* _Aim of the exercise_:
Repeat the records exactly, minus the pictures.

* _Record excerpts_:
⟨

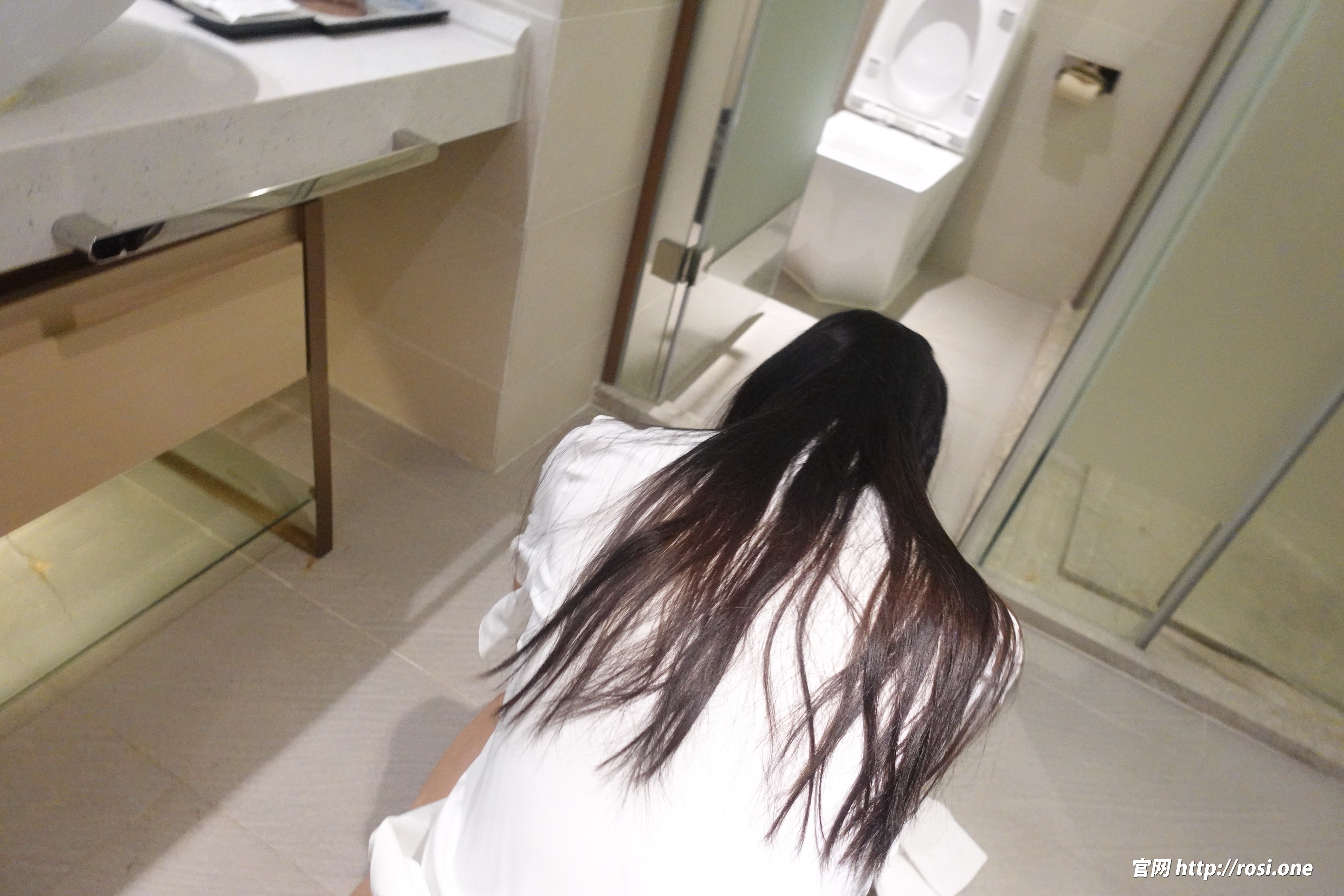 图片[54]-[ROSI写真]2022.03.06 NO.3744[88+1P／138MB]-六色网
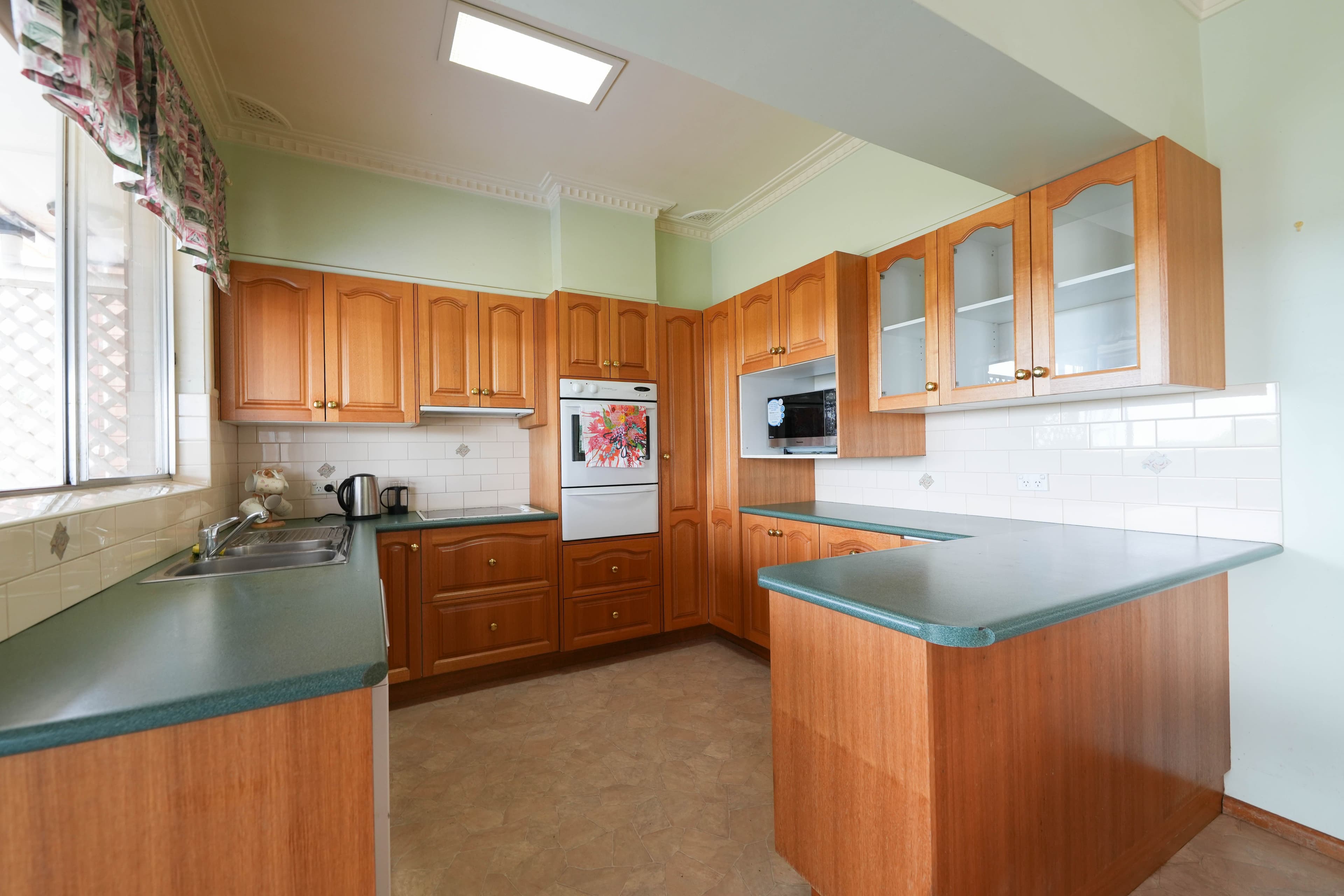 7 Middleton Street, Parkes NSW 2870, Parkes - Thumbnail 8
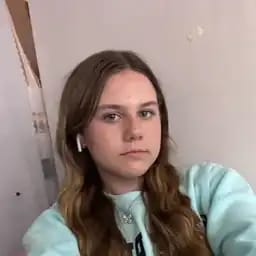 Madyson 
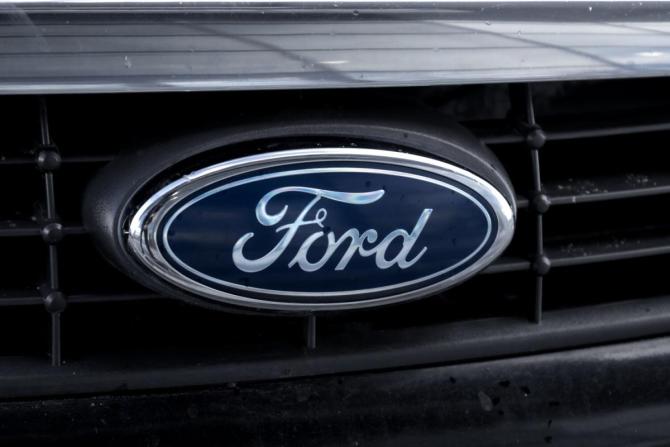 Ford Focus II Рестайлинг с пробегом 2010 года, цена 499 000 рублей, 269000 км, седан, Автокод Объявления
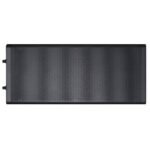 Caixa Micro-ATX Lian Li x Dan Cases A3 Preta - Image 4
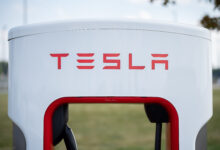 Tesla makes a move on Southeast Asia's largest EV market. A homegrown giant awaits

⟩

* _Response box_:
 图片[54]-[ROSI写真]2022.03.06 NO.3744[88+1P／138MB]-六色网
 7 Middleton Street, Parkes NSW 2870, Parkes - Thumbnail 8
 Madyson 
 Ford Focus II Рестайлинг с пробегом 2010 года, цена 499 000 рублей, 269000 км, седан, Автокод Объявления
 Caixa Micro-ATX Lian Li x Dan Cases A3 Preta - Image 4
 Tesla makes a move on Southeast Asia's largest EV market. A homegrown giant awaits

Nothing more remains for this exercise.